Something like this or something more akin to "when I die, please take all my healthcare records, data from smart watch, etc and make that available to research"?

https://www.tidepool.org/bigdata


I fully expect the data to be de-anonymized and then used against people that have familial links to those who have donated their data.

"Oh, your great great-great-grandfather had <disease>, so now you're classified as a high-risk individual and you have to pay a higher monthly fee for insurance"

Only they won't tell you why you have to pay more, just that you do.


That is essentially why HIPAA exists. And the negative and limiting effects of HIPAA on clinical trials is well acknowledged and is considered as an acceptable cost of HIPAA.


HIPAA was written in 1996. The human genome project was completed in 2003, and WGS wasn't in the clinic for another decade. Nothing about HIPAA is considered or intentional in the context of current medical practice or research. It's just an old law that carries forward mindlessly like all laws do.


1. It's illegal, and insurance company employees aren't suicidal.

2. If health insurance companies wanted to break the law, they would simply violate the existing prohibition on discriminating on preexisting conditions, which gives them vastly more actionability than some tenuous, diluted link to a relative.

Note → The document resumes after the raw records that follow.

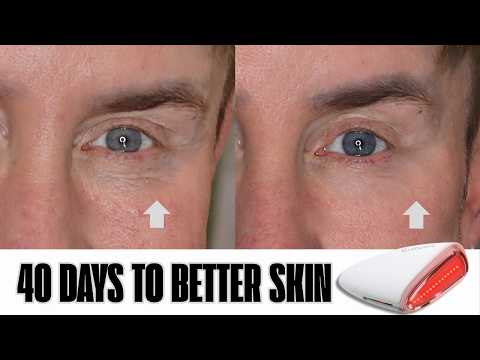 Видео: Лучший прибор для электропорации 2025 года? Laduora Lumeo: полный обзор, демонстрация и результат...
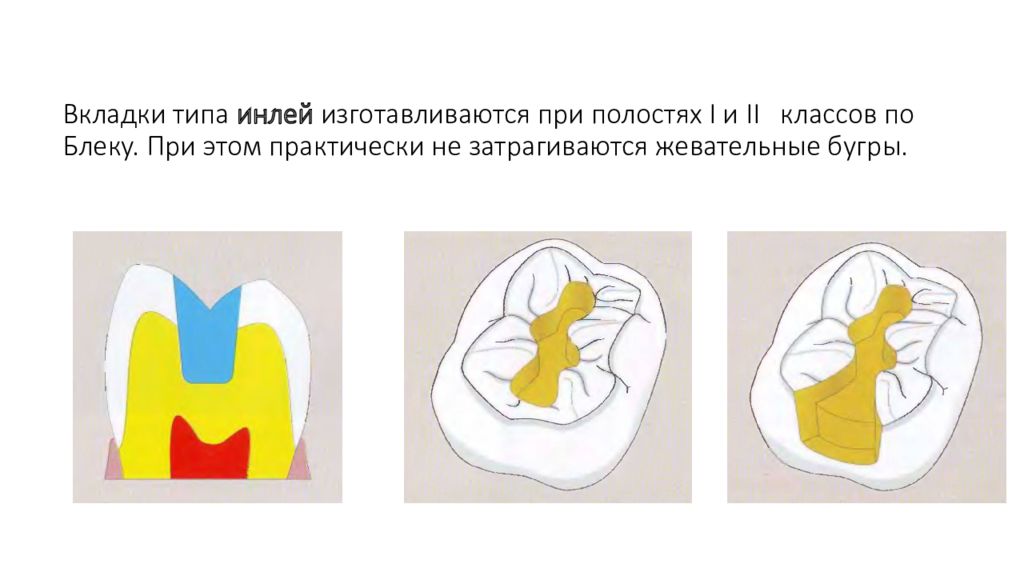 2 полости. Препарирование под вкладку Инлей. Вкладки Инлей онлей оверлей пинлей. Препарирование полости под вкладку Инлей.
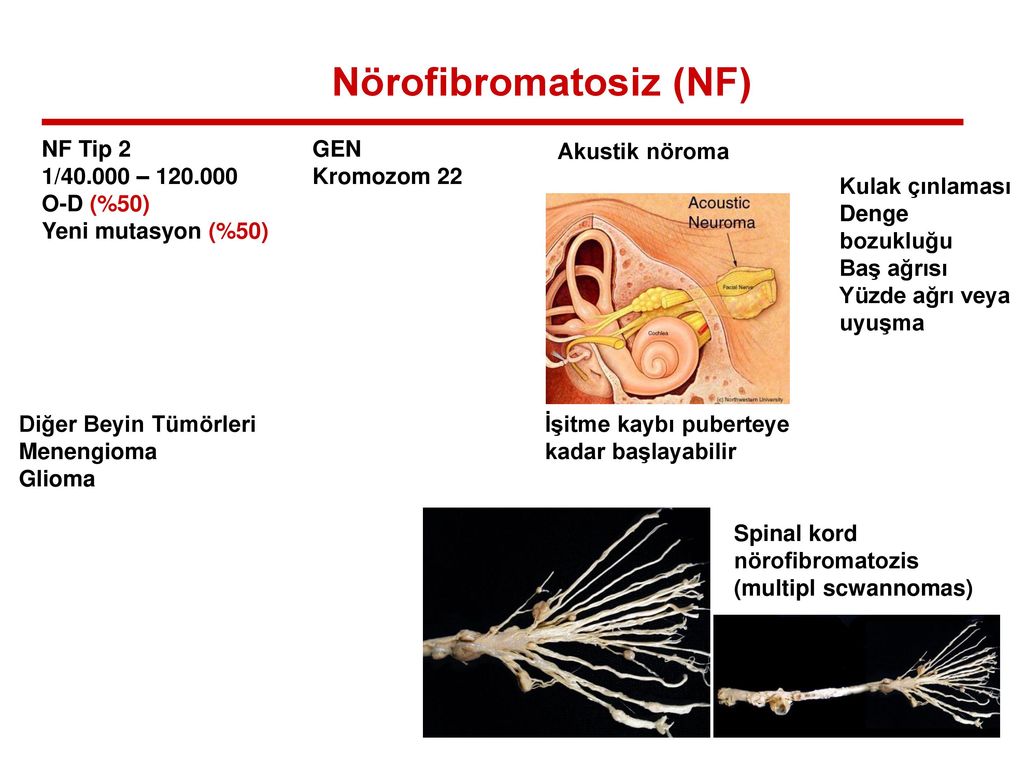 Nf2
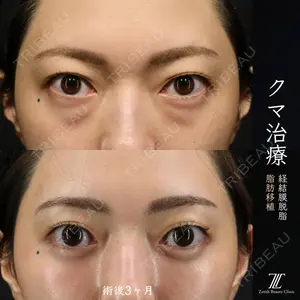 Zetith Beauty Clinic 新宿院 王 蘇医師の症例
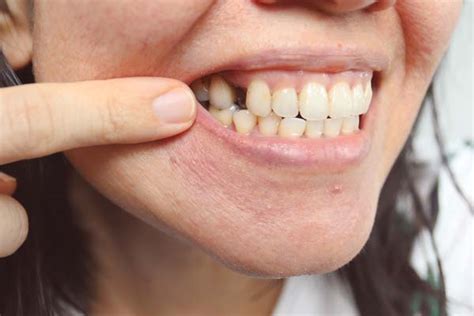 Long-Term Problems Caused by a Missing Tooth - Dental Care Of ...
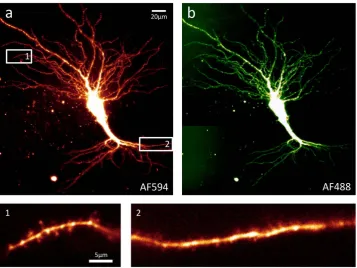 Figure 1. Example light sheet images of a large, living pyramidal neuron. These images were acquired from the CA3 region of an organotypic rat hippocampal slice, using the prototype light sheet fluorescence microscope described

This is all frankly nonsensical because insurance companies charge people within tightly-regimented tiers, there's no wiggle room for mystery +30% fee increases.


Thousands of Wells Fargo employees would like to have a word with you about #1. “Illegal” is outweighed easily if there’s a bonus to be earned by doing something that everybody says you won’t be caught for doing. Plus, the company itself can’t be put in prison and the employees whose bad idea it was will probably get a slap on the wrist. And if it’s a big enough company, they won’t endanger it by truly hurting it with fines. #2 is a pretty good point though.


That's an inherently biased sample, so not that useful for research.